=== Section Start ===
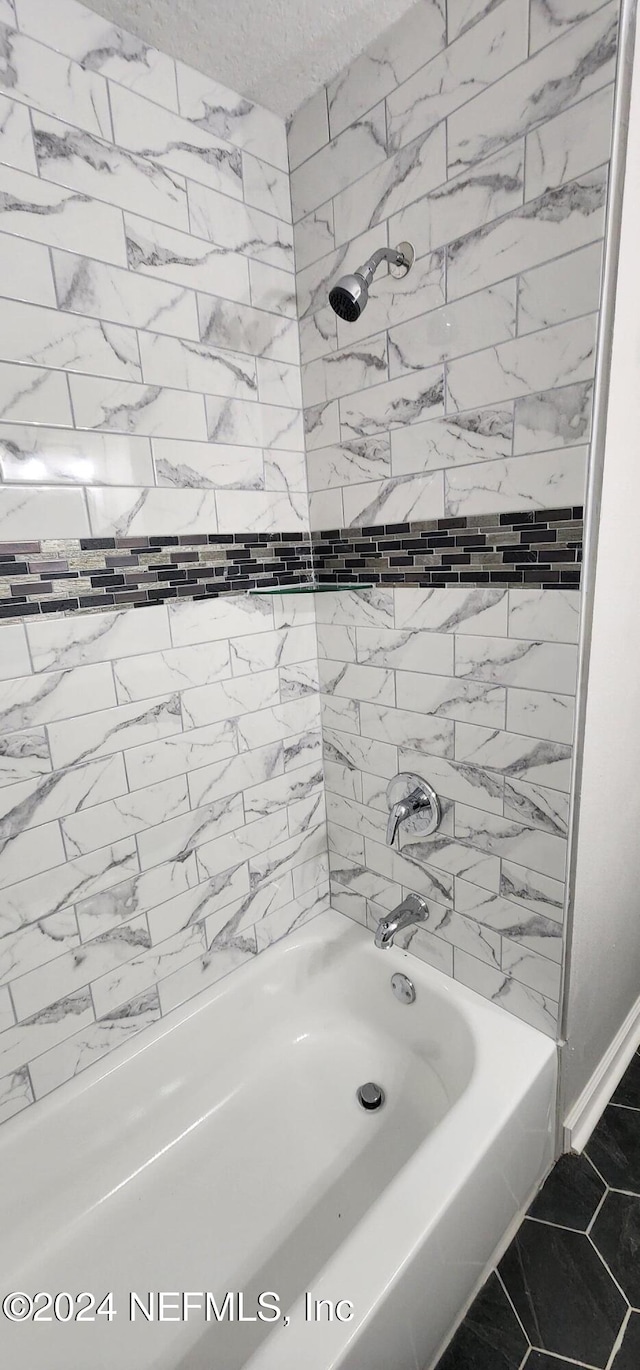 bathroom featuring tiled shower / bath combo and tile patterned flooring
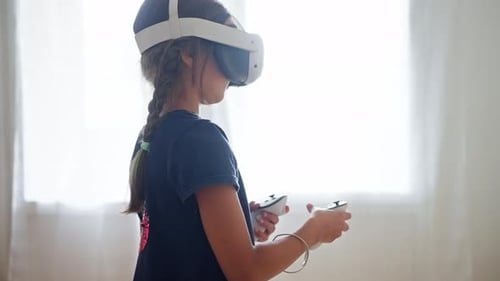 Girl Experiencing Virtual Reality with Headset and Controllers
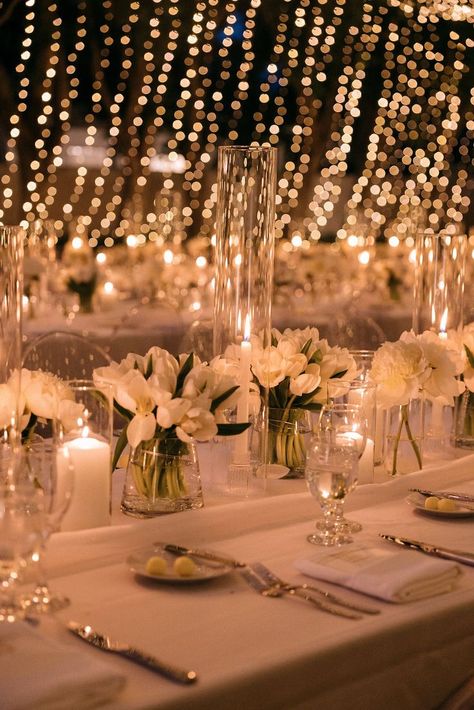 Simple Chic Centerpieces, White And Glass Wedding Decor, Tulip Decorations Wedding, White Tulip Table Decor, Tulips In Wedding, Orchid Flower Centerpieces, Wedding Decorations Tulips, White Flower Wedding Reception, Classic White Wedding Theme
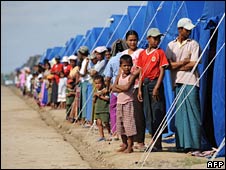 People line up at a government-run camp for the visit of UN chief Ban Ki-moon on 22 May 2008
=== Section End ===
* [ACTIVITY]:
Drop the pictures and set down the data above exactly.

* [ANSWER FOR THIS EXERCISE]:
 bathroom featuring tiled shower / bath combo and tile patterned flooring
 Girl Experiencing Virtual Reality with Headset and Controllers
 Simple Chic Centerpieces, White And Glass Wedding Decor, Tulip Decorations Wedding, White Tulip Table Decor, Tulips In Wedding, Orchid Flower Centerpieces, Wedding Decorations Tulips, White Flower Wedding Reception, Classic White Wedding Theme
 People line up at a government-run camp for the visit of UN chief Ban Ki-moon on 22 May 2008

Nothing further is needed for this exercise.